Он в это время устроился более на семейную ногу; дети его подросли. Не помню, жива ли была его жена; но он жил в одной квартире с какой-то барыней, из помещиц.
Помню и то, что Лесков звал меня на целых трех архиереев; но, кажется, вечер этот не состоялся.
Тогда он писал в «Русском вестнике» и получил новую известность за свои «Мелочи архиерейской жизни», которые писал в какой-то газете. Он таки нашел себе место и хороший заработок; но в нем осталась накипь личного раздражения против радикального лагеря журналистики.
И в самом деле, ему слишком долго и упорно мстили как автору «Некуда». Да и позднее в левой нашей критике считалось как бы неприличным говорить о Лескове. Его умышленно замалчивали, не признавали его несомненного таланта, даже и в тех его вещах (из церковного быта), где он поднимался до художественности, не говоря уже о знании быта.
А тем временем и в его направлении произошла значительная эволюция. Он стал увлекаться учением Толстого и все дальше отходил от государственной церкви. Это начало сказываться в тех его вещах, которые стали появляться в «Русской мысли» у Гольцева.

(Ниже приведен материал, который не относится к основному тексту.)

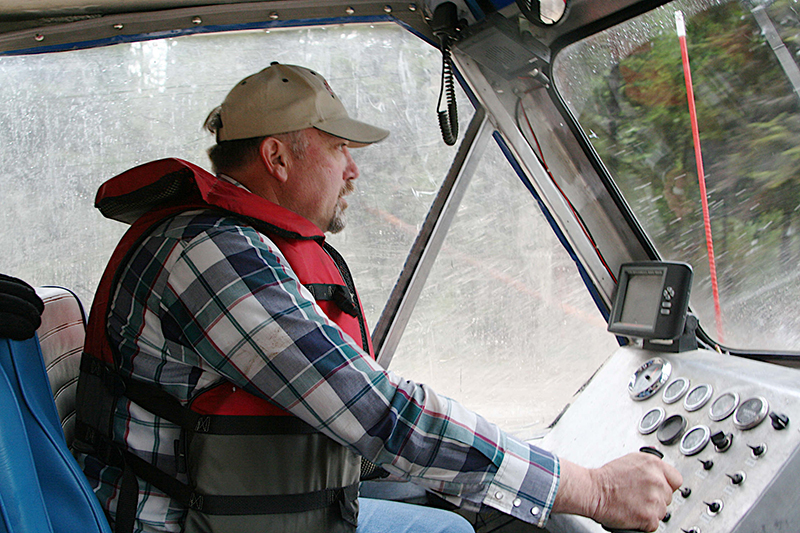 Gordon-Cruickshank-maneuvering-jet-boat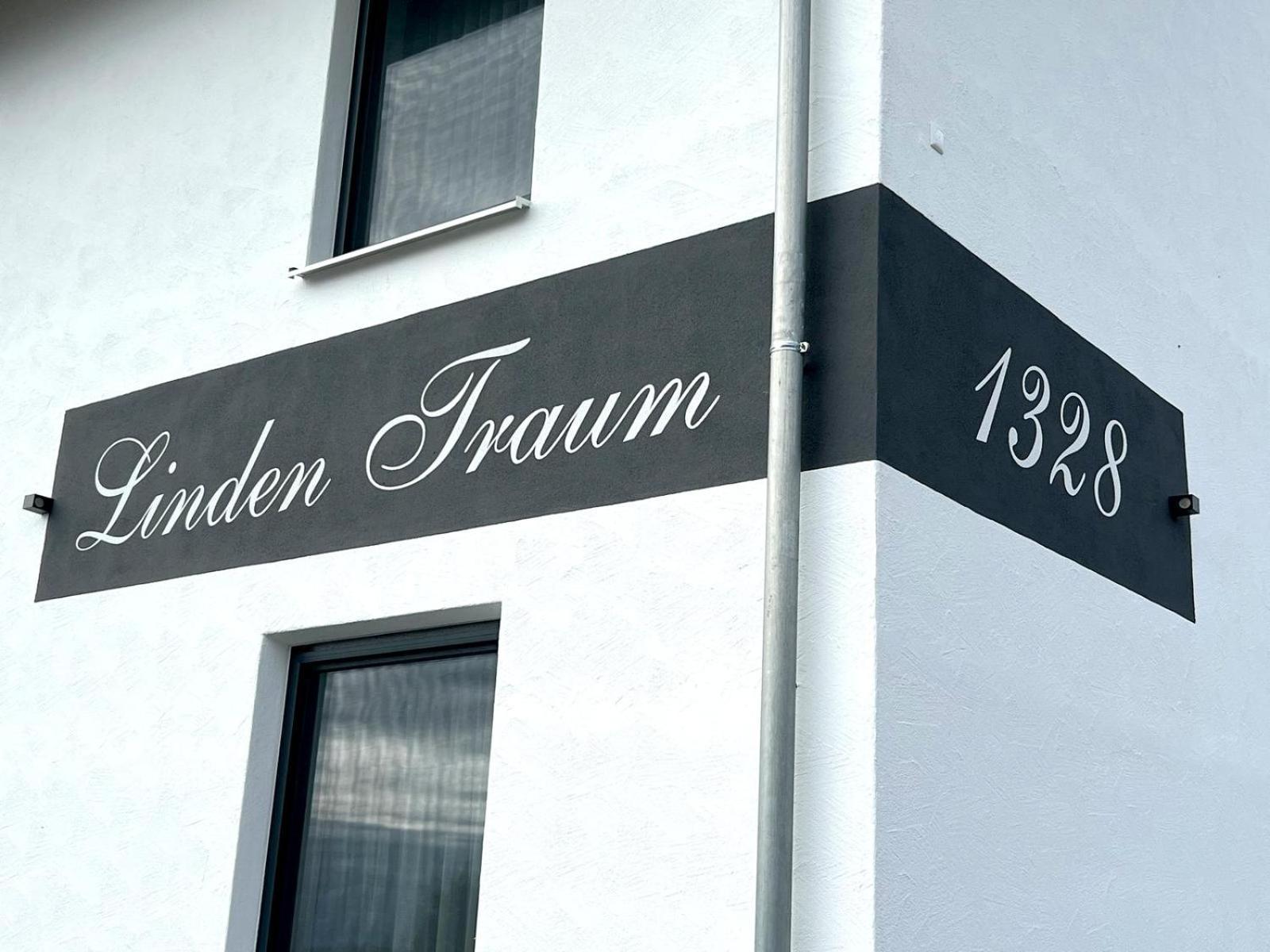 Landgasthaus Zur Linde Pleiskirchen Exterior photo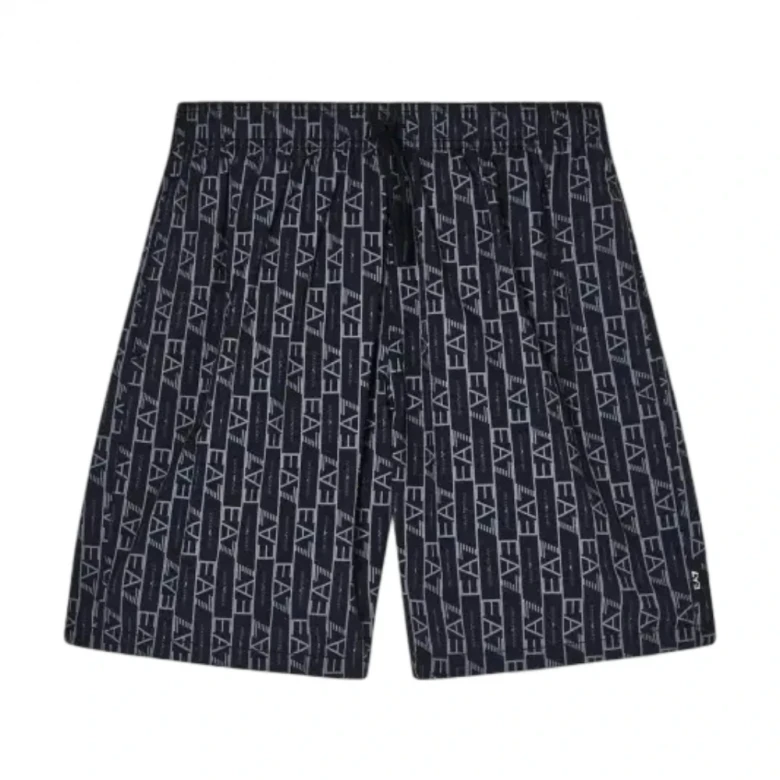 Water Sports BW M Vertical Mon 1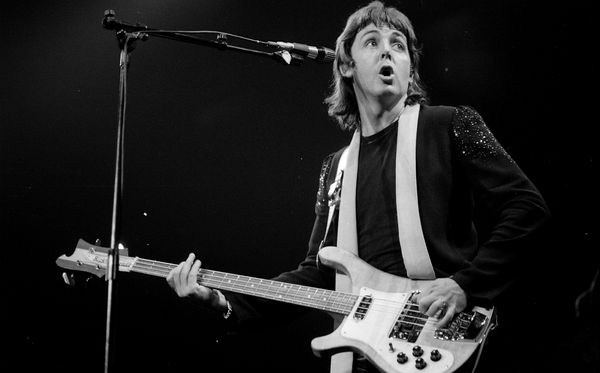 Paul nos anos 1970, no começo de sua carreira solo: dúvidas se faria sucesso sem os Beatles por Divulgação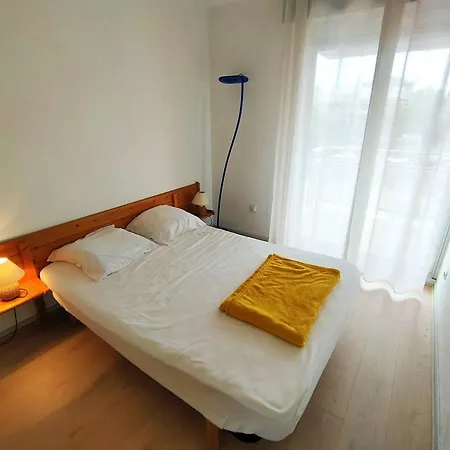 Confortable 2 Pieces A Canet-plage Avec Loggias Et Parking - Fr-1-696-100 * Кане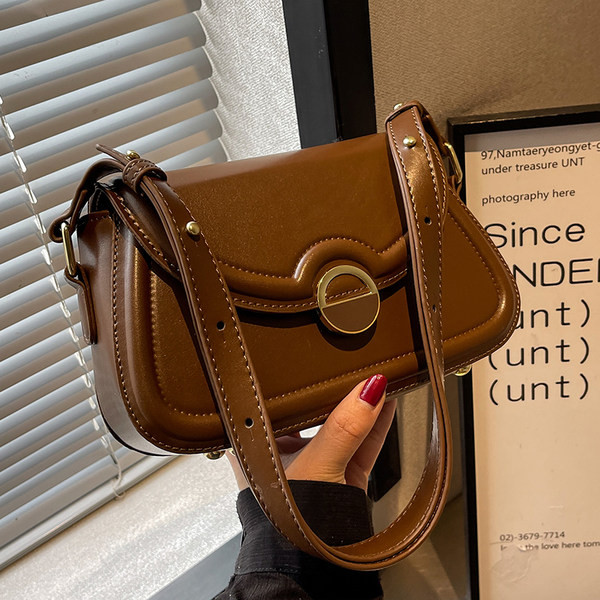 Jauna modeļa rokassomiņa ar metāla aizdari no eko ādas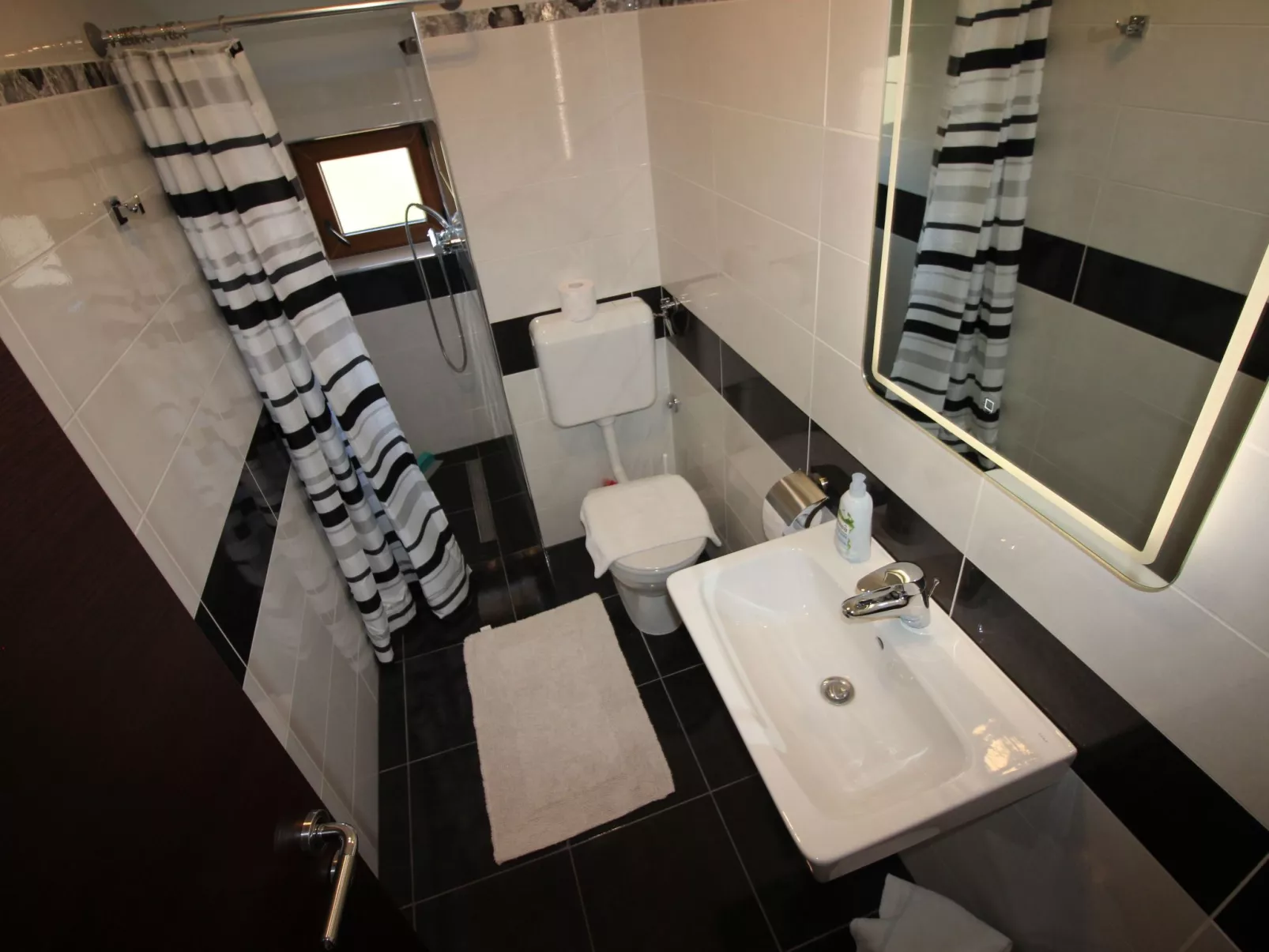 "Manda3" mit Blick auf das Wasser-Image-tags.info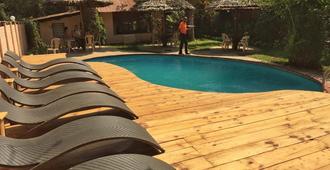 Outpost Lodge - Arusha - Uima-allas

Тогда произошла его реабилитация. Московский журнал принадлежал к той же радикально-народнической фракции, как и «Отечественные записки», где все-таки продолжали иметь против него «зуб» как против автора «Некуда».
Со второй половины 70-х годов и до его смерти жизнь нас не сталкивала. Может быть, он считал себя задетым тем, что я в Петербурге не поддавался на его приглашения. Это сказалось, как мне кажется, в том, как он заговорил со мною на обеде, который петербургская литература давала Шпильгагену. Он без всякого повода стал говорить ненужные резкости. Правда, он тогда выпил лишнее, и всем памятно то его русское обращение к Шпильгагену, которое так любил вспоминать покойный П. И. Вейнберг, бывший распорядителем на этом обеде.